The MFN team will publish the papers presented at the Africa Roundtable in the coming months, and short videos of key presenters will be uploaded shortly on MFN’s YouTube channel so that the stories and the learnings can travel beyond Kenya, reaching ministry leaders, theological educators, denominational leaders, and mission practitioners across Africa and around the world.

In addition to this, we are launching an MFN Africa learning hub as a space for ongoing theological reflection, learning and creating authentic resources and training on biblical generosity, stewardship, and sustainable mission funding.

If you are interested in joining this learning community, engaging with the resources as they become available, or participating in future MFN conversations, we warmly invite you to reach out and connect with us at: hello@mfn.global

We believe that the question before the Global Church is no longer simply: ‘How will we fund God’s mission?’

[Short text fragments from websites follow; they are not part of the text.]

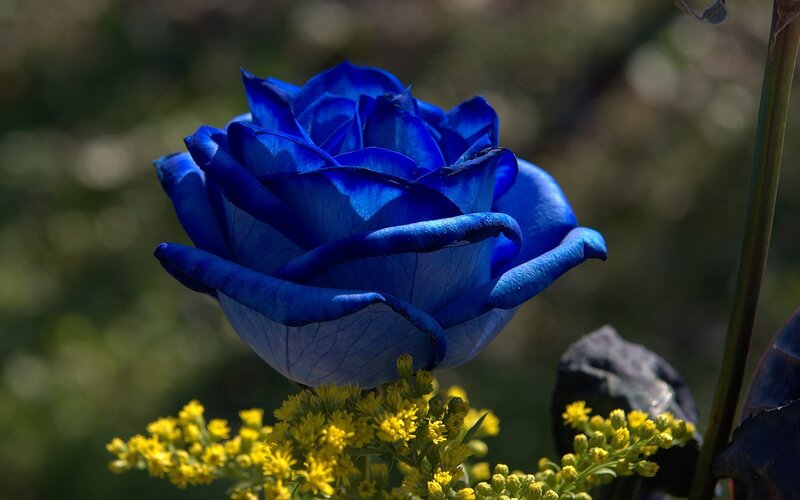 Blue rose in garden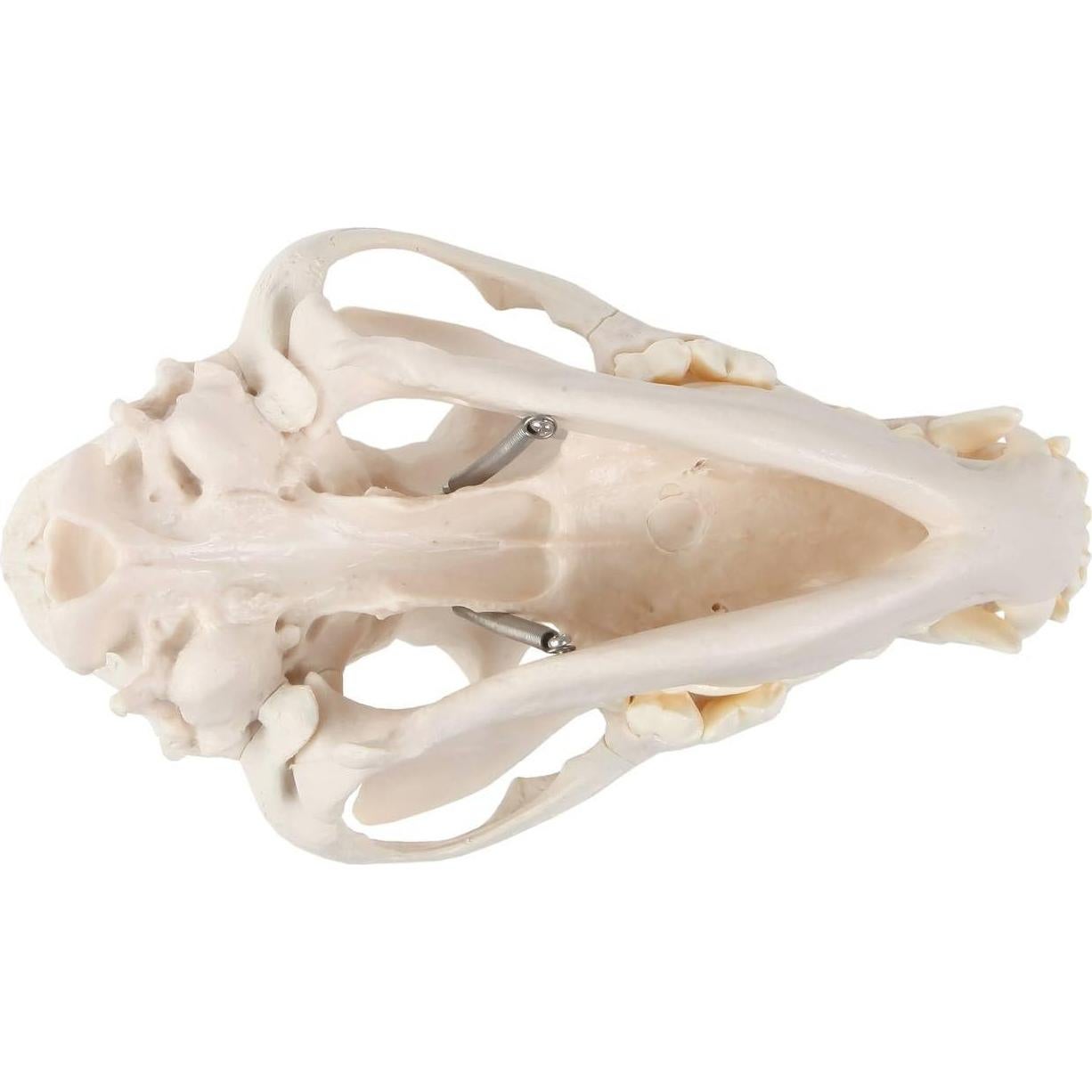 Modelo Cráneo Canino Anatómico Wellden - Tamaño Real PVC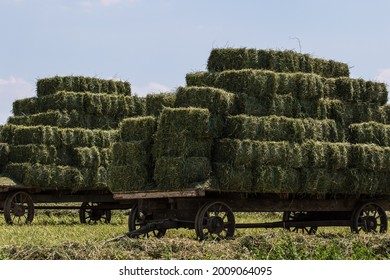 Amish Haybales and Men working in a Field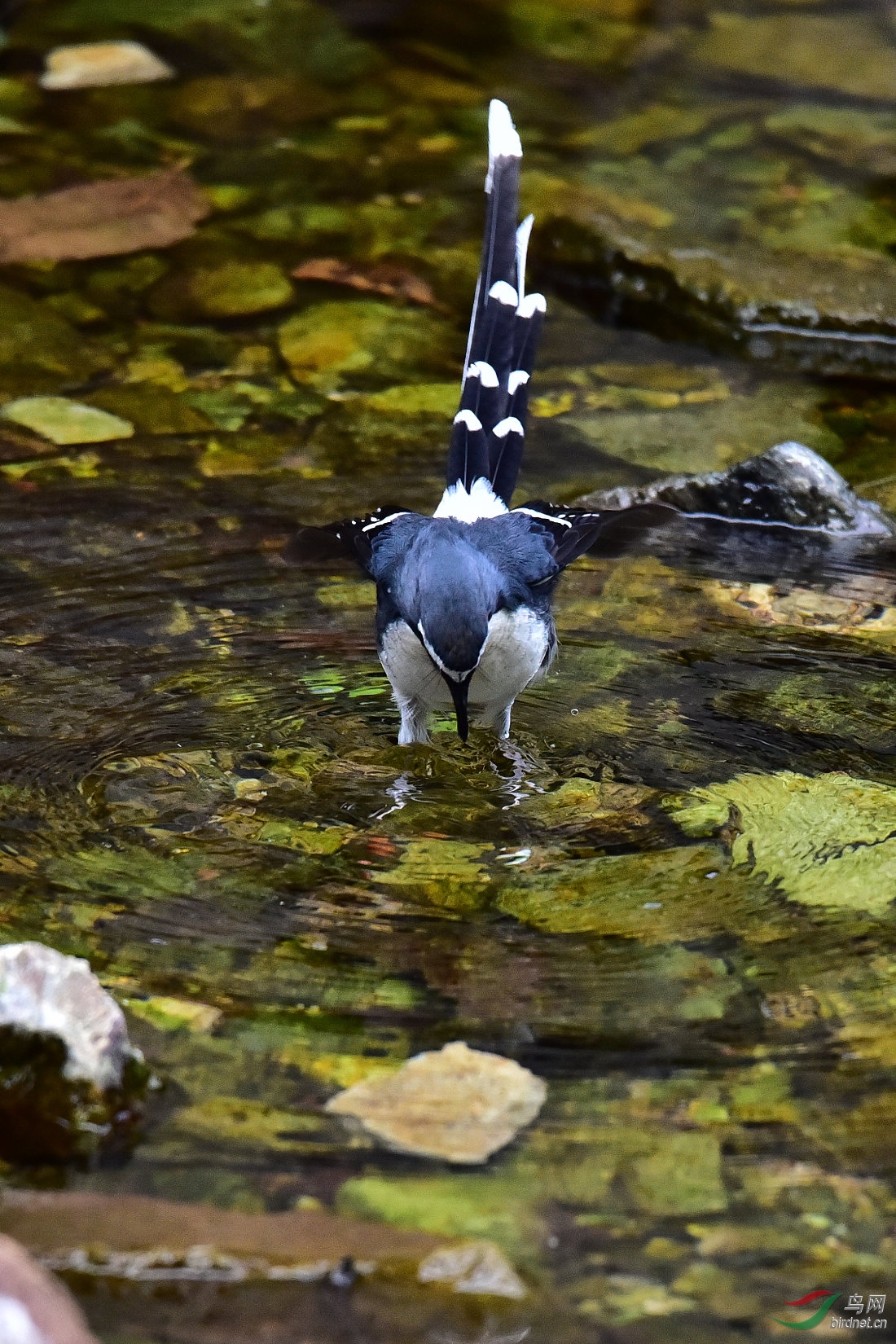 DSC_0705.JPG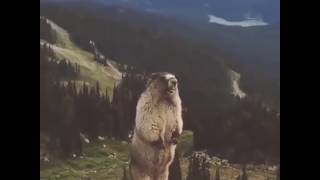 Когда переехал на Дальний Восток по госпрограмме «Дальневосточный гектар»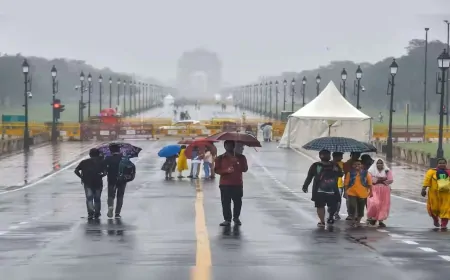 उत्तर भारत में ठंड का सितम जारी, दिल्ली-NCR में  लगातार बारिश से कड़ाके की ठंड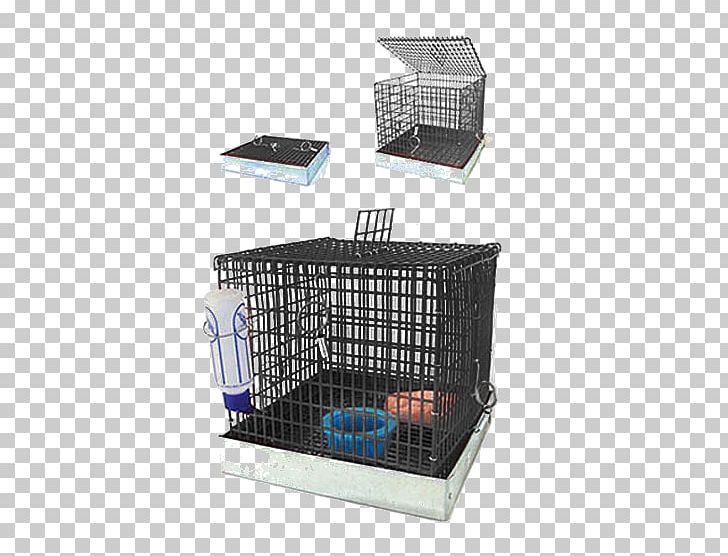Cage Sugar Glider Guinea Pig Cockatiel Pocket Pet PNG, Clipart, Cage, Chinchilla, Cockatiel, Crate, Dog Free PNG Download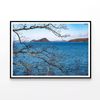 Tree with a Lake & Mountains   Print 100% Australian Made 90x60cm  (Poster)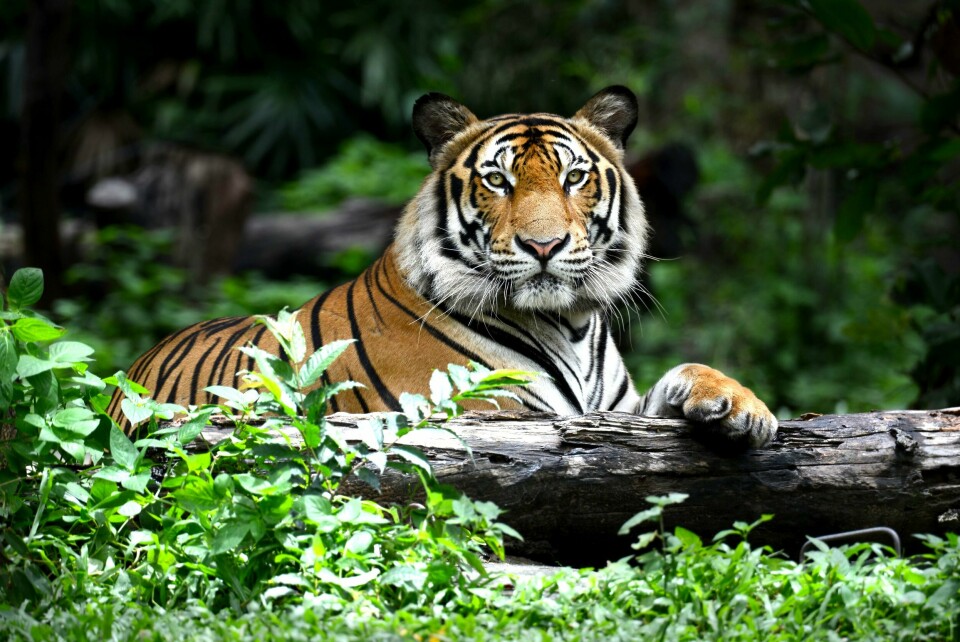 Blant alle gjenværende tigerarter på planeten, ligger tigerbestanden i dag på under 4000 globalt. BENGALTIGER: I hvilket land er det flest av dem? Foto: Shutterstock / NTB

The deeper, more searching, more faithful questions are:

  • Who are we becoming as God’s stewards, today and for future generations?
  • What are we leaving in the hands of those who will follow us? 
  • How might the extraordinary generosity already flowing through the African church teach us about the character of God and the nature of His mission in the world?

From ‘What do you have in your house?’ to ‘What will you leave behind?’— this is the journey African Christian leaders are inviting the global church to walk with them. Not as learners catching up, but as teachers leading the way in faithful, sacrificial, joyful generosity that flows from hearts captured by God’s grace and communities participating in his mission.